On November 30, 1990, plaintiffs served the summons and "complaint on defendant. Defendant moved to quash service on the ground that it was untimely. The court held that it did not have authority to grant judicial relief from the failure to make timely service under Health and Safety Code section 1428, subdivision (c) where service was made more than 60 days after filing. The motion to quash was granted. From that ruling the plaintiffs appeal.
Issue
Is an exception granted in Health and Safety Code section 1428, subdivision (c) so that the court may grant judicial relief from the requirement that service be made within 60 days after filing civil action contesting a class B citation?
Health and Safety Code Section 1428, Subdivision (c)
“In order to perfect a judicial appeal of a contested citation, a licensee shall file a civil action in the municipal court in the county in which the
Discussion
We affirm.
It is the plaintiffs’ contention that the language in Health and Safety Code section 1428, subdivision (c), specifically the use of the words, “Except that the licensee may seek judicial relief from the time limits specified in this subdivision,” authorizes them to apply for relief from their untimely service. That argument ignores the overall language and structure of the statute, the intent of the Legislature, and the application of established principles of statutory construction.
Under those principles, qualifying words, phrases or clauses will ordinarily be construed as referring to the words, phrases and clauses immediately preceding, not to more remote words, phrases or clauses. (Addison v. Department of Motor Vehicles (1977) 69 Cal.App.3d 486, 496 [138 Cal.Rptr. 185].) Unless the context or evident meaning of the statute requires a different construction, the effect of a modifying clause applies to the last antecedent and not to more remote phrases. (Oliva v. Swoap (1976) 59 Cal.App.3d 130, 138 [130 Cal.Rptr. 411].) Where different language is used in different parts of the same statute, it must be presumed that the Legislature intended a different effect. (Charles S. v. Board of Education (1971) 20 Cal.App.3d 83, 95 [97 Cal.Rptr. 422].) In reviewing the language of a statute, it must also be presumed that the Legislature “knew that it was saying and meant what it said.” (Tracy v. Municipal Court (1978) 22 Cal 3d 760, 764 [150 Cal.Rptr. 785, 587 P.2d 227].)
Above all, the fundamental rule of statutory construction is that the court should ascertain the intent of the Legislature so as to effectuate the purpose of the law. If departure from the literal meaning of the text of a statute is necessary to effectuate the Legislature’s intent, that should be done. (H. S. Mann Corp v.
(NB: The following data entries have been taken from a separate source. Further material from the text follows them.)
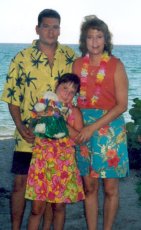 Adoptive Family Photo: Family Vacation in Hawaii, click to view bigger version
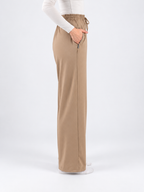 Essential Adjustable Wide-Leg pants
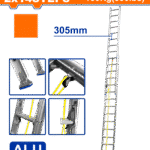 WLD8H28 (Wadfow Extension ladder 2x14 - C1)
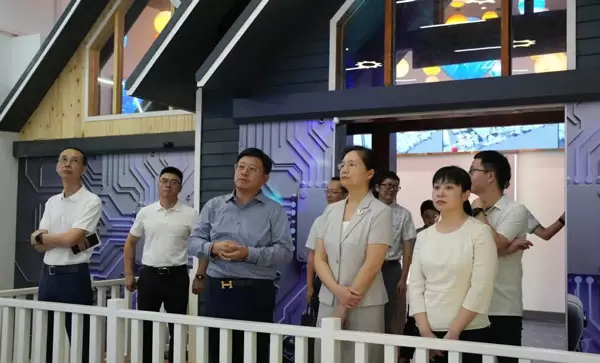 省工信厅领导莅临汇兴智造调研指导 以智能制造赋能工业高质量发展
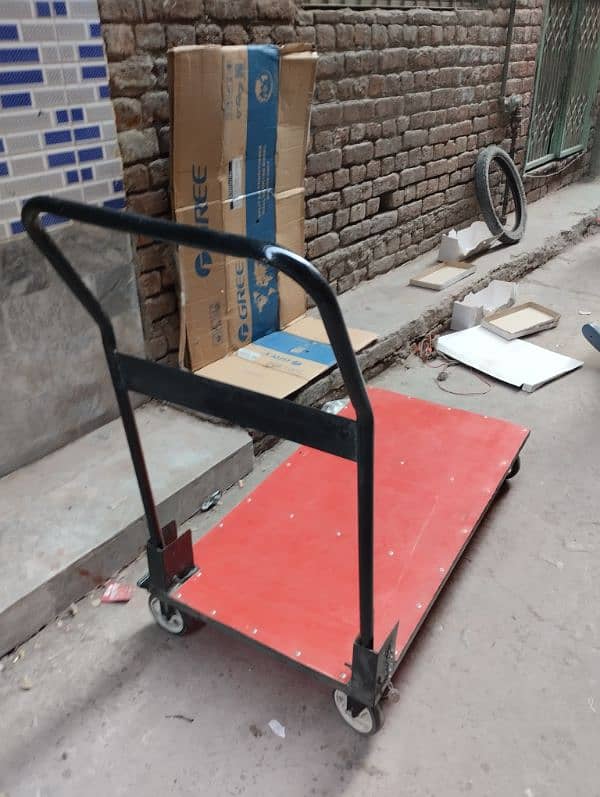 Hand cart, Trolley, Industrial Trolley 1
Moody (1956) 144 Cal.App.2d 310, 320 [301 P.2d 28].) Once the Legislature’s intent has been ascertained, statutes must be given a reasonable construction which conforms to such intent. (English v. County of Alameda (1977) 70 Cal.App.3d 226, 234 [138 Cal.Rptr. 634].)
Applying these principles to the case at bar, it is clear that the Legislature intended the judicial relief exception to apply only to the 2 instances specified, i.e., failure to timely file a complaint (60 days) and failure to timely file notice of intent to contest (15 business days). The statement of that exception is immediately preceded by references to those two specific untimely events. The 60-day limitation on service is not even near the exception and, in fact, is separated from it by an intervening discussion related to "the burden of proof at trial. Had" the Legislature intended to allow judicial relief for untimely service, it easily could have so provided either by including late service in the existing provision, or in a separate sentence addressed to judicial relief. Because it did not, it must be assumed, as the municipal court held, that the Legislature intended to permit judicial relief only in the two instances specified.
The ruling below granting the motion to quash service is affirmed.
Champlin, P. J., and Keane, J.,
Retired judge of the Merced Superior Court sitting under assignment by the Chairperson of the Judicial Council.
Retired judge of the Sierra Superior Court sitting under assignment by the Chairperson of the Judicial Council.